Blodget's Internet-Stock Me-Too-ism
If you want to know why so many people come to stock picking with a
trader's, rather than an investor's, mentality, one reason is that Wall Street
analysts so often seem governed by the very same mentality. Take this week's
raft of upgrades and bullish comments on some Internet bellwethers by analysts
at firms ranging from Merrill Lynch to Paine Webber. The bullishness was framed
in terms of the long-range potential of these companies. But the fact that the
comments came out this week, after these stocks had already rallied strongly
from their recent lows, was telling. Instead of making a real contrarian call,
telling their clients that these stocks were excellent buys no matter what the
market was saying in the short-term, the analysts were just bandwagoning.

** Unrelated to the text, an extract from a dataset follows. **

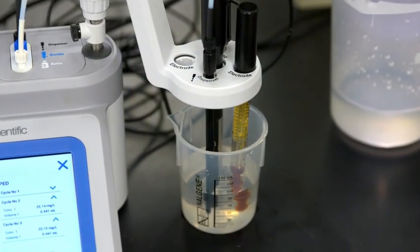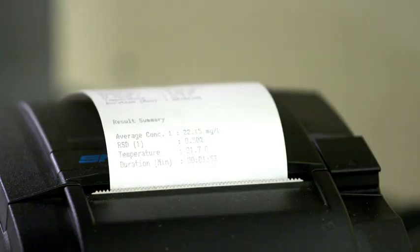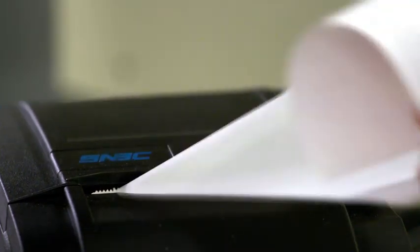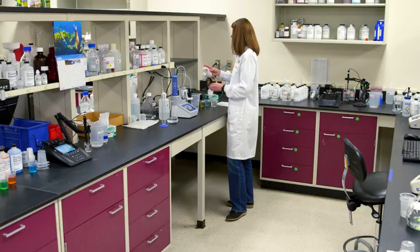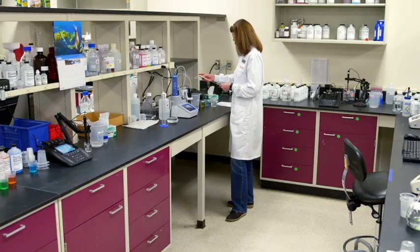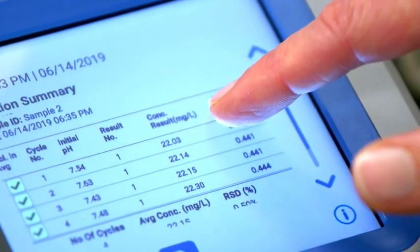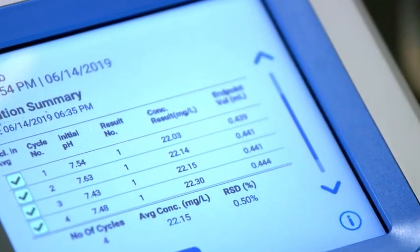We decided to run more cycles. Now let's look at the average results. The results look good, so we can complete the testing.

Merrill's Henry Blodget, for instance, issued a report Wednesday in which he
raised his rating on Amazon.com and Yahoo to "near-term buy" from "accumulate,"
and added that he also expected six other Net companies--AOL,
Barnesandnoble.com, Excite@Home, eToys, Inktomi, and Lycos--to do well in
upcoming quarters. Now, set aside the complete foolishness of distinguishing
between "near-term buy" and "accumulate" (how, again, am I supposed to
accumulate shares if I don't buy them? and does near-term buy mean that these
stocks are a long-term sell? or perhaps just a long-term accumulate?). What was
really interesting was the reasoning behind Blodget's call.

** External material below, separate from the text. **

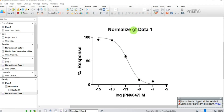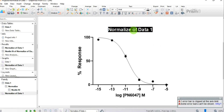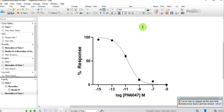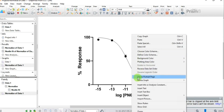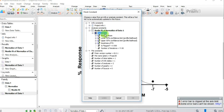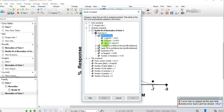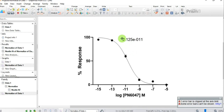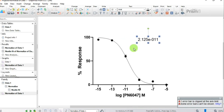I'll delete the "Normalize of Data" label from the graph. Here's a cool Prism feature: you can insert your IC50 value directly onto the graph. Right-click, select Insert, then Insert Info or Analysis Constant. Choose Nonlinear Fit of Normalize of Data, Data Set A, Best Fit Values, then double-click IC50 — the value 2.12 appears directly on the graph.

"We believe [the stocks] offer a sound way to play the fundamental strength
and renewed investor enthusiasm we expect to see during the fall and holiday
shopping season," he wrote, arguing in essence that places like Amazon and
eToys could expect to see booming business at Christmas, while portals like
Yahoo would reap the benefits of all the new online shoppers, most of whom
would pass through a portal to get to the e-commerce sites.
This is plausible enough. But if it was true Wednesday, then it was
certainly true a week and a half earlier. So why didn't Blodget issue the
report, say, on August 10, when Internet stocks were cratering and people were
talking about a permanent end to Net mania?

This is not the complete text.